Far-right Dutch politician Geert Wilders has called the Prophet Muhammad a murderer and used Anzac soldiers as an example of the courage needed to speak out against Islam at a speech to Melbourne supporters.
Tight security surrounded Mr Wilders’ hour-long speech to members of the ultra-conservative local group the Q Society of Australia at La Mirage reception centre in Somerton in Melbourne’s north on Tuesday night.
Fifty police, some on horseback, separated about 100 vocal but peaceful protesters standing on the Hume Highway verge outside the venue.
Protest organiser Feiyi Zhang said: “we’re here to show we will not stand for Wilders’ racism and Islamophobia”. She said his speech could incite violence against Muslims “and general fear of Islam”.
Protester Nadia Shamsuddin, a doctor and a Muslim, said she was “repulsed” by Wilders’ visit and views. “His promotion of oppression and racism is appalling in the civilised world”.
Her husband Raj Rao said: “Wilders accuses Islam of promoting hatred and violence but I think that’s what he’s doing.” Mr Rao said the message of the Qu’ran was of “peace and submission to God”.
Inside the venue, audience member Inez, a Dutch immigrant, said she had come from Ringwood to hear Wilders, “because we have built this country into something very, very beautiful but I can slowly see it getting spoiled by people who want to impose their beliefs and laws. When I hear Muslim people wanted to introduce Sharia law here, I shudder. I thought it too horrible to contemplate.”
Mr Wilders spoke to a ballroom usually used for multicultural weddings and debutante balls. The crowd met his speech with standing ovations, laughter at his jokes and applause.
Mr Wilders said the Prophet Muhammad was a savage leader of a gang of robbers that raped and murdered and mutilated its opponents including the Jews in 7th century Medina and violence had carried on to Islam’s modern day supporters.
He said anyone who criticised Islam “is in grave personal danger” and “we cannot continue to accept this”. European countries such as the Netherlands are “in the process of losing our cultural identity and our freedom and I am warning Australia about the true nature of Islam. It’s not a religion; it’s a dangerous and totalitarian ideology.”
By contrast The Australian – which has already given Wilders a platform to incite hatred of Islam, with a much wider audience than the tiny Q Society could ever drum up – accuses protestors of provoking violent clashes outside the venue.
In addition to providing extensive, and entirely uncritical, coverage of Wilders’ Melbourne speech, the Murdoch-owned newspaper also publishes an editorial (“Geert Wilders’s right to speak”) which states:
Mr Wilders’s views on the impact of large-scale Islamic immigration in Europe and the challenge that it presents to established cultures and the obligations of citizenship in Western countries are part of an important debate that Australians should be aware of.
Mr Wilders is the founder and leader of The Netherlands Party for Freedom. His political mission is to halt what he says is the “Islamisation” of his country. He argues that Islamism is a totalitarian political ideology enforced by violence and rigid adherence to it, quite different from the faith of Islam.

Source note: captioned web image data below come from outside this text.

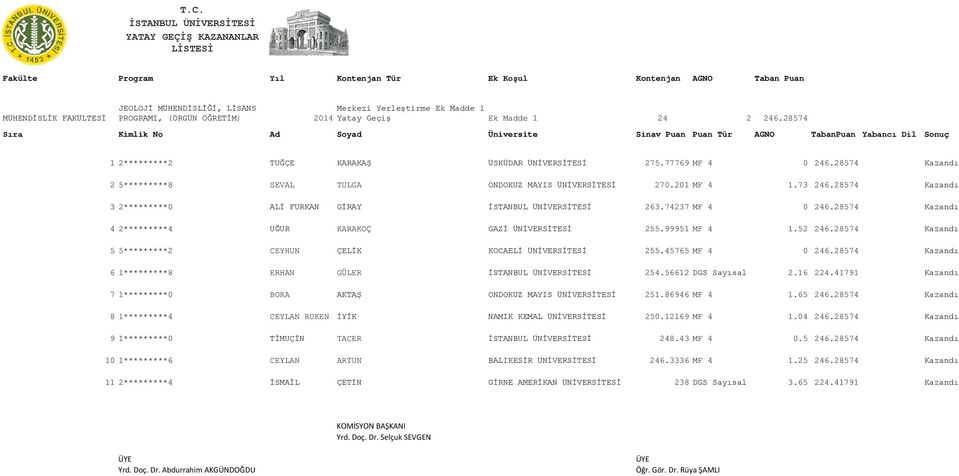 28574 Kazandı 4 2*********4 UĞUR KARAKOÇ GAZİ ÜNİVERSİTESİ 255.99951 MF 4 1.52 246.28574 Kazandı 5 5*********2 CEYHUN ÇELİK KOCAELİ ÜNİVERSİTESİ 255.45765 MF 4 0 246.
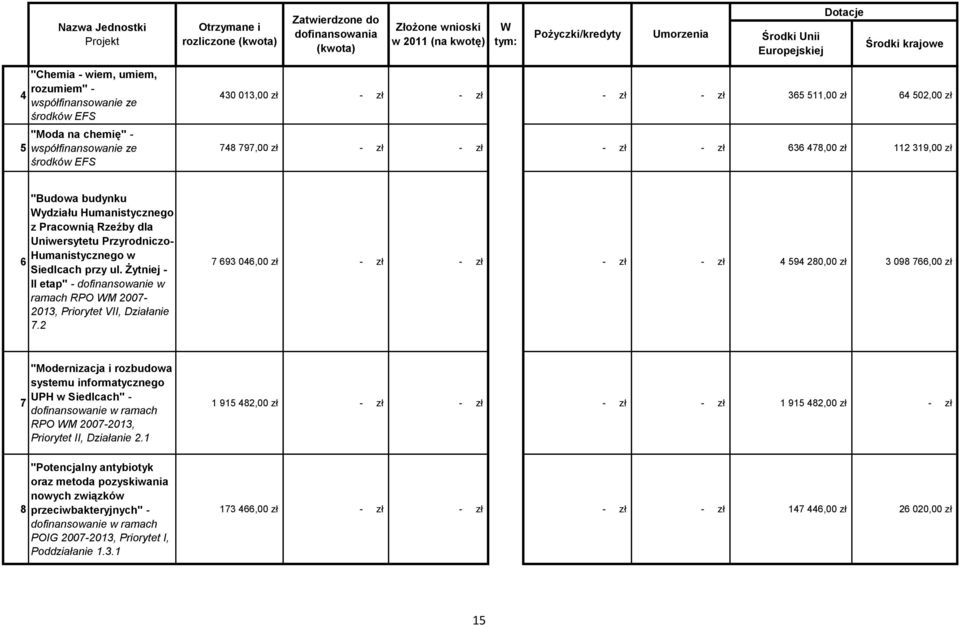 Żytniej - II etap" - dofinansowanie w ramach RPO M 007-0, Priorytet VII, Działanie 7.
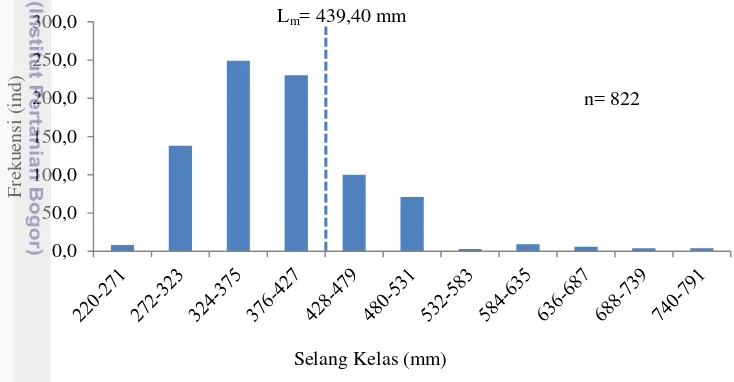 Gambar 7 Sebaran frekuensi panjang total ikan cakalang (Katsuwnous pelamis) 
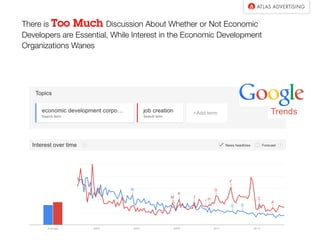 There is Too Much Discussion About Whether or Not Economic
Developers are Essential, While Interest in Economic Development
Organizations Wanes
 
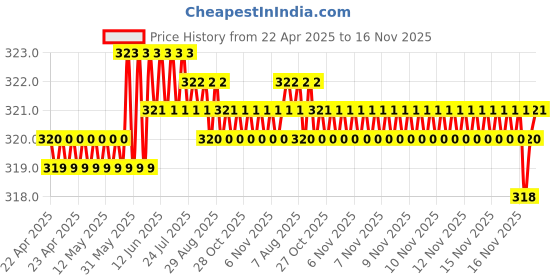 moglix.com Enexoya 2 Pcs 24 &a; 18 inch Rubber Car Windshield Wiper Blade Set for KIA Seltos 2019-Till Date enexoya Price History Graph from 22 Apr 2025 to 16 Nov 2025
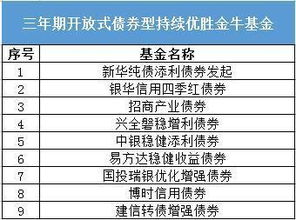 平均收益高达242.6 ,奥斯卡基金出炉 附名单 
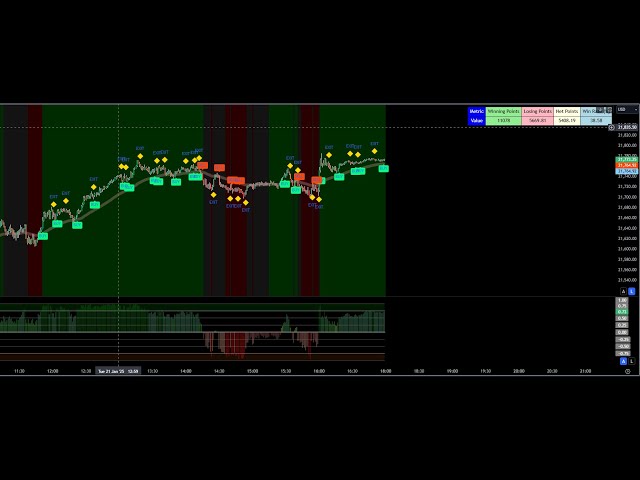 🚀 Updated Trading Indicators: Maximize Your Edge in 2025! 📈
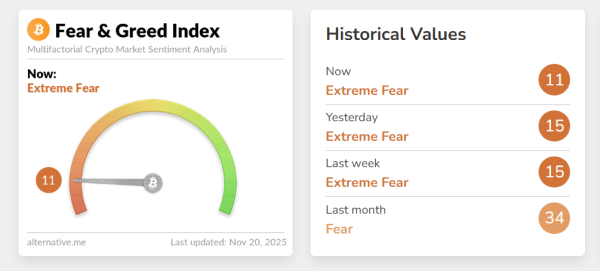 Развитие ИИ и шатдаун в США не связаны с падением биткоина — аналитики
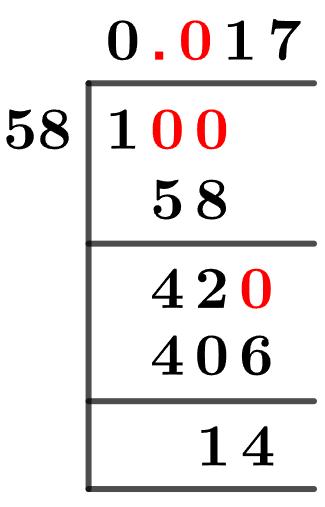 1/58 Long Division Method 1/58 Long Division Method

In his article in The Australian earlier this week, Mr Wilders outlined his views that many will find challenging, but they were respectfully put and hardly deserve the vilification he has received from extremists.

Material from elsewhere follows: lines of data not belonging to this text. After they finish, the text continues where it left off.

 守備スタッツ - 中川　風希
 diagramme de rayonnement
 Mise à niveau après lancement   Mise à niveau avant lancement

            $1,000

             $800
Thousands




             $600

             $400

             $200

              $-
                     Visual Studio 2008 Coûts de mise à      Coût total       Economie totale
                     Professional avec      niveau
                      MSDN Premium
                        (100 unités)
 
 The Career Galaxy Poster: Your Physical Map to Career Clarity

Mr Wilders is welcome here, provided that he abides by the law, as all visitors must. Our laws include prohibiting racial vilification and inciting violence, but there is no suggestion he has come close to violating them. So far, it is his opponents who have displayed the illiberalism they accuse him of.
Wilders holds that “Islamism is a totalitarian political ideology enforced by violence and rigid adherence to it, quite different from the faith of Islam”? Where did they get that from? There are of course Islamophobes who claim to make a distinction between Islamism and Islam, but Wilders is emphatically not one of them. In his article for The Australian, he made his views quite clear:
Contrary to what many Westerners think, Islam, rather than a religion, is a totalitarian political ideology. It is an ideology because it aims for an Islamic state and wants to impose sharia on all of us. It is totalitarian because it is not voluntary: once you are in, you cannot get out. Unlike genuine religions, Islam also makes demands on non-Muslims. We, too, are marked for death if we criticise it.
You can only conclude that The Australian‘s editorial writers don’t read their own newspaper.